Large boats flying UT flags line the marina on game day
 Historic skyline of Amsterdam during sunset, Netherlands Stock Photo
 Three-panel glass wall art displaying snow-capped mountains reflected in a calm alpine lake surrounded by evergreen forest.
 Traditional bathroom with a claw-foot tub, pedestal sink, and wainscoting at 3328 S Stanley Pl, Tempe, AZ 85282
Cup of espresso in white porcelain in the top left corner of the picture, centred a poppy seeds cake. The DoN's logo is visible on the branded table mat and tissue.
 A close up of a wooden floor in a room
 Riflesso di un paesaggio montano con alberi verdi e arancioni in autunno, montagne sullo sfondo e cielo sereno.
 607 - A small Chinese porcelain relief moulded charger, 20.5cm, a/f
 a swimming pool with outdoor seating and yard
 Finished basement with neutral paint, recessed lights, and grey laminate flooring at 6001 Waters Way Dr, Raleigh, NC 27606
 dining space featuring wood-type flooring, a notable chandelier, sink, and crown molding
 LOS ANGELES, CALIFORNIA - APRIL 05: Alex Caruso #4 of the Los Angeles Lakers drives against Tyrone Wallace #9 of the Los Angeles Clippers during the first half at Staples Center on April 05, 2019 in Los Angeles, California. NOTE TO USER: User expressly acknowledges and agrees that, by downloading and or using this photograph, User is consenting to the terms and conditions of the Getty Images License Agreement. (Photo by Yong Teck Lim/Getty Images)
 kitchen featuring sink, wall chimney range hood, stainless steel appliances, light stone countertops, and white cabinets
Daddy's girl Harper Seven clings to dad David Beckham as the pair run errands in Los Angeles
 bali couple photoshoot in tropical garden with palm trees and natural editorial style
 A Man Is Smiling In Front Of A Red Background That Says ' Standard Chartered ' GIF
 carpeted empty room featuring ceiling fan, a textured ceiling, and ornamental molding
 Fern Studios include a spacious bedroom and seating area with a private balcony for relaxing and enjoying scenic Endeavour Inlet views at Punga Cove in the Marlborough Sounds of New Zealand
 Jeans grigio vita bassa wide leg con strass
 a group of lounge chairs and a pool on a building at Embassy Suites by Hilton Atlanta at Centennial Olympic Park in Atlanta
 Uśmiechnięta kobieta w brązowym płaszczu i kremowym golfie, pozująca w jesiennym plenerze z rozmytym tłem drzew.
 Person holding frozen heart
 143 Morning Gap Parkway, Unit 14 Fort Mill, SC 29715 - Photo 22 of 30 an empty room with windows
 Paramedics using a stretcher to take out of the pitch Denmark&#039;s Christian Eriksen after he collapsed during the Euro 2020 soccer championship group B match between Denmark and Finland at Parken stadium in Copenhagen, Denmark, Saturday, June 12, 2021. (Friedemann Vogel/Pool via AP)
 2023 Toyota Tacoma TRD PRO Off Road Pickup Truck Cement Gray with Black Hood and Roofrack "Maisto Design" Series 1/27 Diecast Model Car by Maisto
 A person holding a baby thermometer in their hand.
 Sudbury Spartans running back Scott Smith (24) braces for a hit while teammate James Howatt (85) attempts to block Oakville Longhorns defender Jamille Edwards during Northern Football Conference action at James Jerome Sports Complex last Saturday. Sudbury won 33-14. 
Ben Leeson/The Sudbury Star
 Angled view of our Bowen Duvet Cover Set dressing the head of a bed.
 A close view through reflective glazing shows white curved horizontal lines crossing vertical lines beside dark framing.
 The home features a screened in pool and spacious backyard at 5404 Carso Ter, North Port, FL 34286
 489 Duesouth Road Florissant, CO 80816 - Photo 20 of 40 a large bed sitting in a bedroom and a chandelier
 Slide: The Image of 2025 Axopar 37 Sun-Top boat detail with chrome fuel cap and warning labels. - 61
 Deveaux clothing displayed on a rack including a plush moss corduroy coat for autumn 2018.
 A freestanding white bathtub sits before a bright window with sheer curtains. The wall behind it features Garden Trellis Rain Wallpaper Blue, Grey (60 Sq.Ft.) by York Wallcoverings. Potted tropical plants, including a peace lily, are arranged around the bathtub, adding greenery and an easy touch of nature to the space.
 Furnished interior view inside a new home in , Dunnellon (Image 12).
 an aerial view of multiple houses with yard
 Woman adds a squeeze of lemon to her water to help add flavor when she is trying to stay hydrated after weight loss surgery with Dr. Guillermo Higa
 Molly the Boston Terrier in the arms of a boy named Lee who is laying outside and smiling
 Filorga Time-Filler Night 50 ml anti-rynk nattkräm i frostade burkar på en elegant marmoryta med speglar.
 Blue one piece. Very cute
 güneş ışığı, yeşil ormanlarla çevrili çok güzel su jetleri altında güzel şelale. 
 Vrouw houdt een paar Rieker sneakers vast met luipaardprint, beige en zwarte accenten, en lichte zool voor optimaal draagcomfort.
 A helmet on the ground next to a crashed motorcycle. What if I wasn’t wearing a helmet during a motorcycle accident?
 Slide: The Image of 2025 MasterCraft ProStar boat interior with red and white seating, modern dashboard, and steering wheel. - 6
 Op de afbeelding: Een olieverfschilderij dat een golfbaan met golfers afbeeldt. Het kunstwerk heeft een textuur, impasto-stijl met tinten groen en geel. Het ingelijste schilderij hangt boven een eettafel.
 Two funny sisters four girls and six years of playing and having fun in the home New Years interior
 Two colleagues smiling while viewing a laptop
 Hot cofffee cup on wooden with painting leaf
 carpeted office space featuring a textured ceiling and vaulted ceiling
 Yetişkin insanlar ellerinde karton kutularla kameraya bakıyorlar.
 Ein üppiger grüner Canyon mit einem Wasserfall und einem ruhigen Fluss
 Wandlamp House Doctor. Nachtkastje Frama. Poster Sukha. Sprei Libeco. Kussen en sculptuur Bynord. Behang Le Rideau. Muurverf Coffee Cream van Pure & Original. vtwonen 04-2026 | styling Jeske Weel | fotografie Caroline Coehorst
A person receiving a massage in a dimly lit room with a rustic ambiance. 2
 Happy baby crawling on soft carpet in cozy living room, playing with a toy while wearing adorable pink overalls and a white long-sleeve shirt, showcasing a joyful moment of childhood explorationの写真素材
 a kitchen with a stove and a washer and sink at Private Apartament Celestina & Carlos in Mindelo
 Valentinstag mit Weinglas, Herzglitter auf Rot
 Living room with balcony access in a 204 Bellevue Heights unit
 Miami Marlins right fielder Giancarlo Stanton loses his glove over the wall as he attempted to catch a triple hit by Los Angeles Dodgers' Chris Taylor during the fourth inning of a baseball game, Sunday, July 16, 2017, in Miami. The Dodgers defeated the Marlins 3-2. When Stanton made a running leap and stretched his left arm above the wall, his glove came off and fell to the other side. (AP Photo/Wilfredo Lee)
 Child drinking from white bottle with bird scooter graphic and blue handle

———

**Exercise:** The required answer is the run of lines above, starting at the line with "Filorga Time-Filler Night" and ending at the line with "Living room with", reproduced exactly with both ends.

**Solution:**
 Filorga Time-Filler Night 50 ml anti-rynk nattkräm i frostade burkar på en elegant marmoryta med speglar.
 Blue one piece. Very cute
 güneş ışığı, yeşil ormanlarla çevrili çok güzel su jetleri altında güzel şelale. 
 Vrouw houdt een paar Rieker sneakers vast met luipaardprint, beige en zwarte accenten, en lichte zool voor optimaal draagcomfort.
 A helmet on the ground next to a crashed motorcycle. What if I wasn’t wearing a helmet during a motorcycle accident?
 Slide: The Image of 2025 MasterCraft ProStar boat interior with red and white seating, modern dashboard, and steering wheel. - 6
 Op de afbeelding: Een olieverfschilderij dat een golfbaan met golfers afbeeldt. Het kunstwerk heeft een textuur, impasto-stijl met tinten groen en geel. Het ingelijste schilderij hangt boven een eettafel.
 Two funny sisters four girls and six years of playing and having fun in the home New Years interior
 Two colleagues smiling while viewing a laptop
 Hot cofffee cup on wooden with painting leaf
 carpeted office space featuring a textured ceiling and vaulted ceiling
 Yetişkin insanlar ellerinde karton kutularla kameraya bakıyorlar.
 Ein üppiger grüner Canyon mit einem Wasserfall und einem ruhigen Fluss
 Wandlamp House Doctor. Nachtkastje Frama. Poster Sukha. Sprei Libeco. Kussen en sculptuur Bynord. Behang Le Rideau. Muurverf Coffee Cream van Pure & Original. vtwonen 04-2026 | styling Jeske Weel | fotografie Caroline Coehorst
A person receiving a massage in a dimly lit room with a rustic ambiance. 2
 Happy baby crawling on soft carpet in cozy living room, playing with a toy while wearing adorable pink overalls and a white long-sleeve shirt, showcasing a joyful moment of childhood explorationの写真素材
 a kitchen with a stove and a washer and sink at Private Apartament Celestina & Carlos in Mindelo
 Valentinstag mit Weinglas, Herzglitter auf Rot
 Living room with balcony access in a 204 Bellevue Heights unit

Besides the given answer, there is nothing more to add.